### Assignment
Exactly as they appear, retype the lines from the one containing "[丹麦]新版Livol综合维他命50+ 150粒. New" through the final line of the data below. Leave pictures out.

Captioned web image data
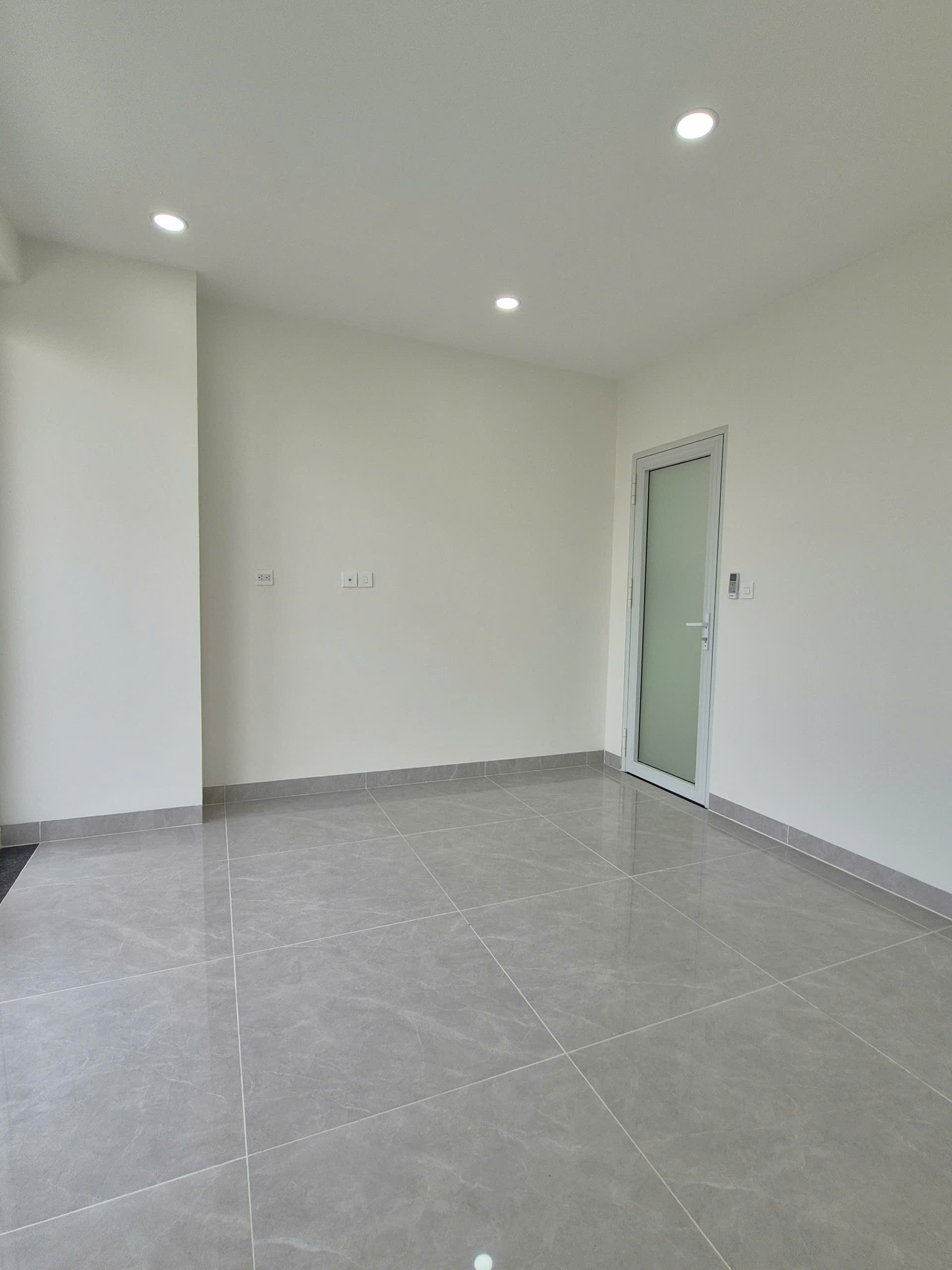 Công trình B108: hình 2 trong 32 ảnh thi công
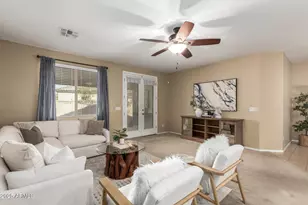 119 S 172nd Dr, Goodyear, AZ 85338 - Photo 11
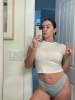 I’m down for fun 100% legit fun hmu +1 (239) 380-6915 on signal  Snapchat: emily_j20244067 Gmail:ej6 | Gainesville | United States | cityxad.com 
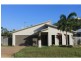 23 Deedes Crescent, Bushland Beach QLD 4818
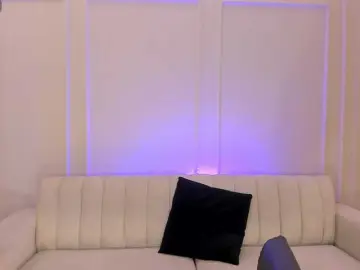 Bongacams Best live sex cam show of ScarlettBlaze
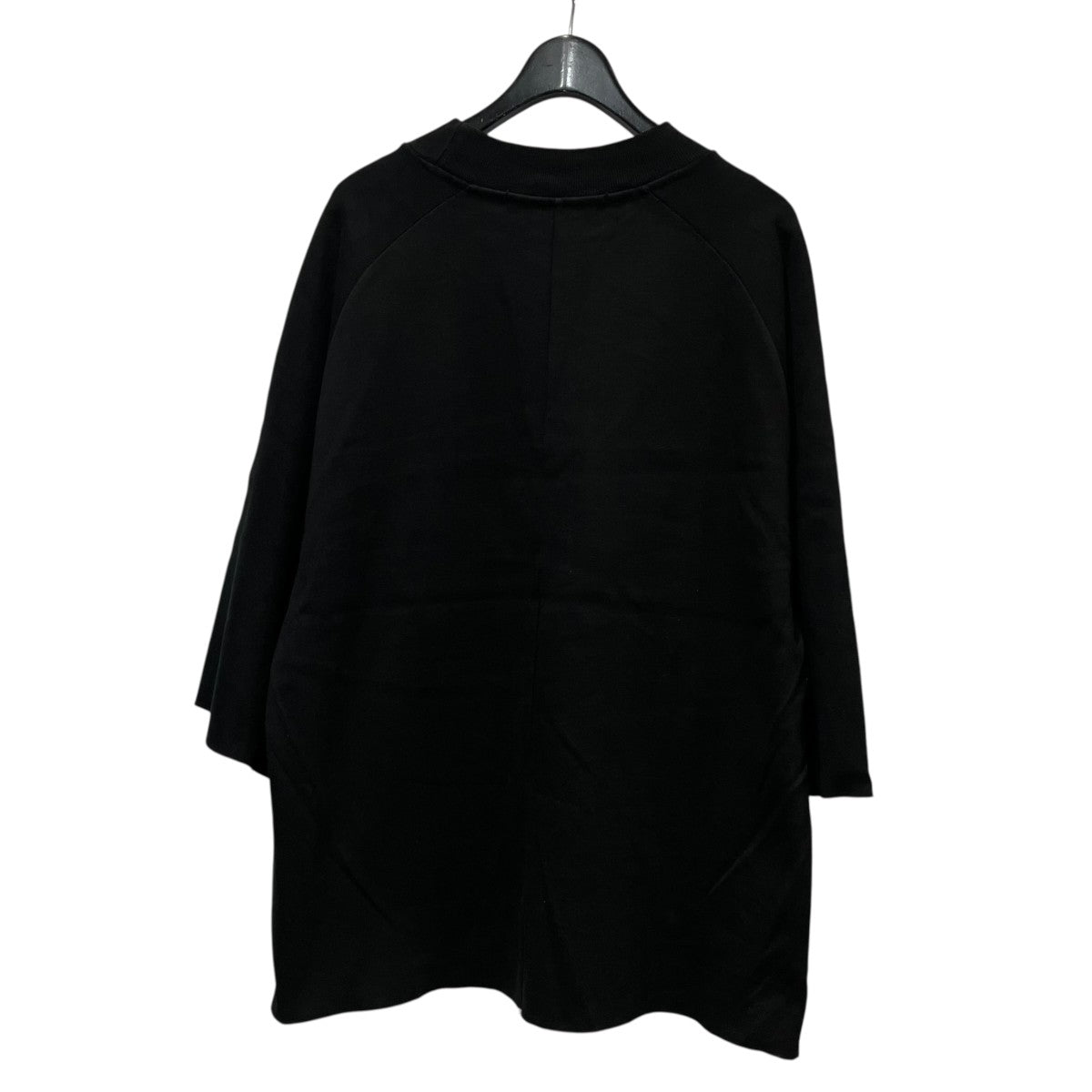 25AWRAGLAN BOX T-SHIRTラグランボックスTシャツ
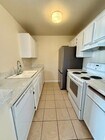 Photo - Lovely Mission Valley condo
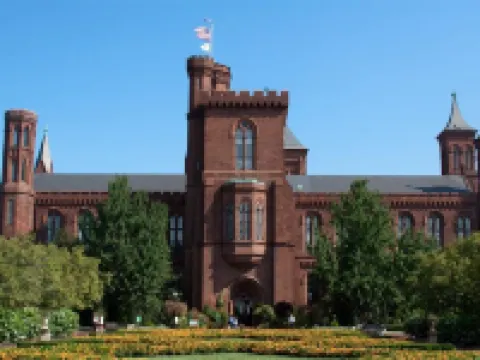 銀泉市區酒店萬怡酒店 銀泉酒店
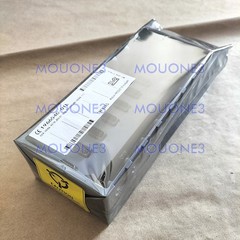 NEW National Instruments NI cDAQ-9178 USB CompactDAQ Chassis, 8-Slot 781156-01
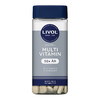 [丹麦]新版Livol综合维他命50+ 150粒. New ! Livol Multivitamin 50+ 150stk. 商品缩略图0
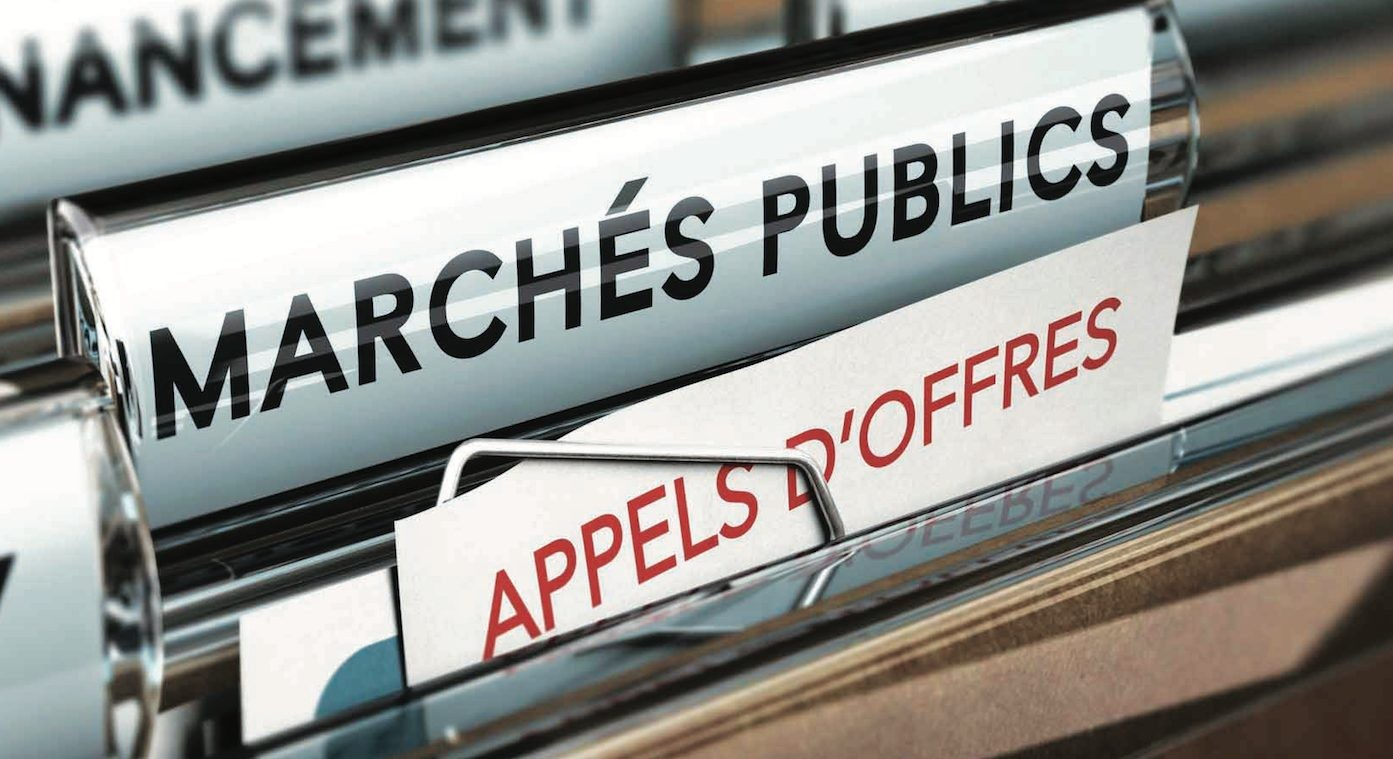 Commande publique : le délai de paiement de l'Etat et des collectivités territoriales s'améliore à 17,5 jours  Commande publique : le délai de paiement de l'Etat et des collectivités territoriales s'améliore à 17,5 jours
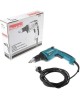 MAKITA Шуруповерт FS4000JX2, сетевой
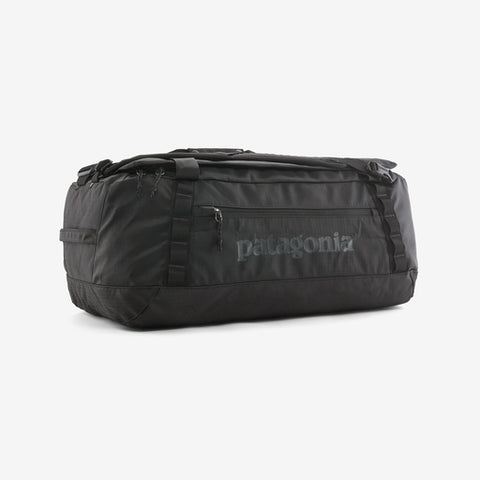Patagonia Black Hole® Duffel Bag 55L - Black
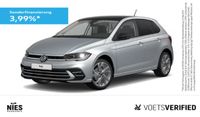 Volkswagen Polo - Vorschau Bild 1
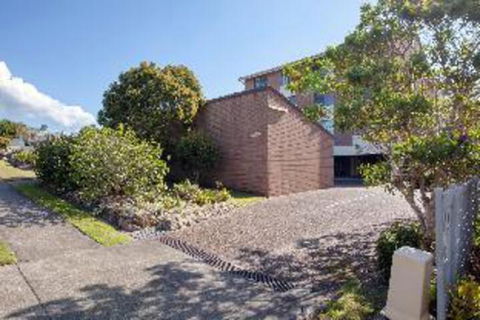 2 Bedroom Apartment Kamilaroi - Darwin Holiday 2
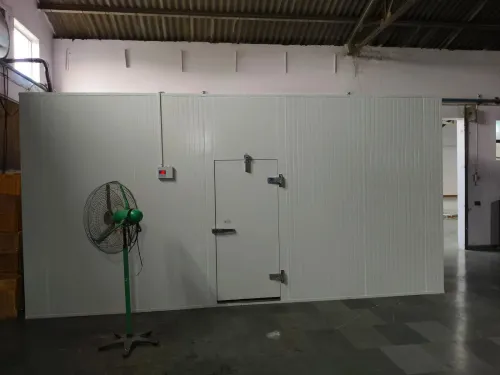 update image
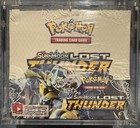 Booster Box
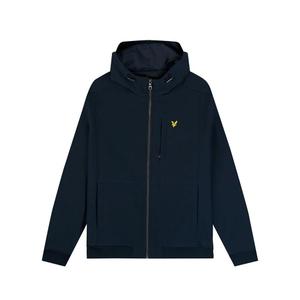 product/l/y/lyle-scott_jk1424vn-z271_dark-navy_1.jpg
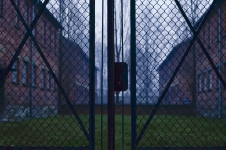 Auschwitz Birkenau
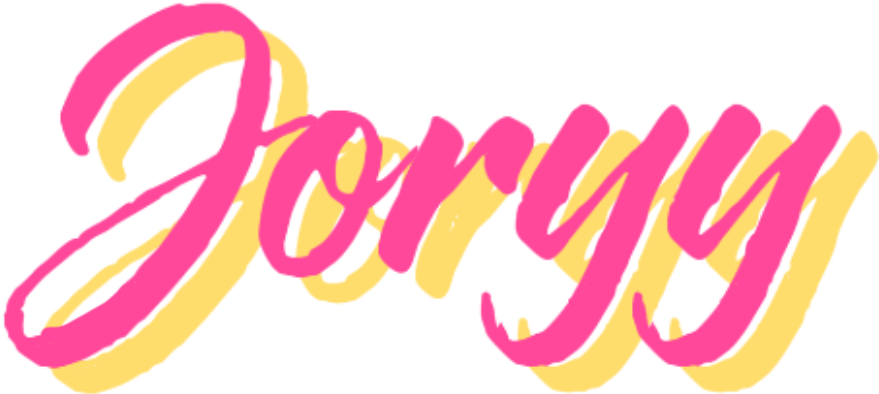 Joryy
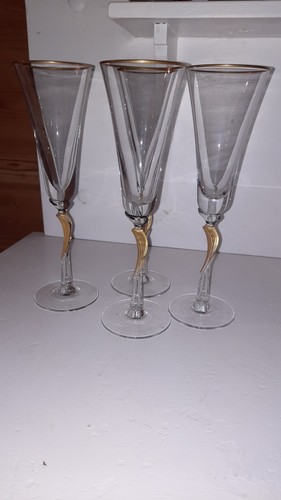 Spiegelau sekt champagner - spiegelau,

### Solution
 [丹麦]新版Livol综合维他命50+ 150粒. New ! Livol Multivitamin 50+ 150stk. 商品缩略图0
 Commande publique : le délai de paiement de l'Etat et des collectivités territoriales s'améliore à 17,5 jours  Commande publique : le délai de paiement de l'Etat et des collectivités territoriales s'améliore à 17,5 jours
 MAKITA Шуруповерт FS4000JX2, сетевой
Patagonia Black Hole® Duffel Bag 55L - Black
 Volkswagen Polo - Vorschau Bild 1
 2 Bedroom Apartment Kamilaroi - Darwin Holiday 2
 update image
 Booster Box
 product/l/y/lyle-scott_jk1424vn-z271_dark-navy_1.jpg
 Auschwitz Birkenau
 Joryy
 Spiegelau sekt champagner - spiegelau,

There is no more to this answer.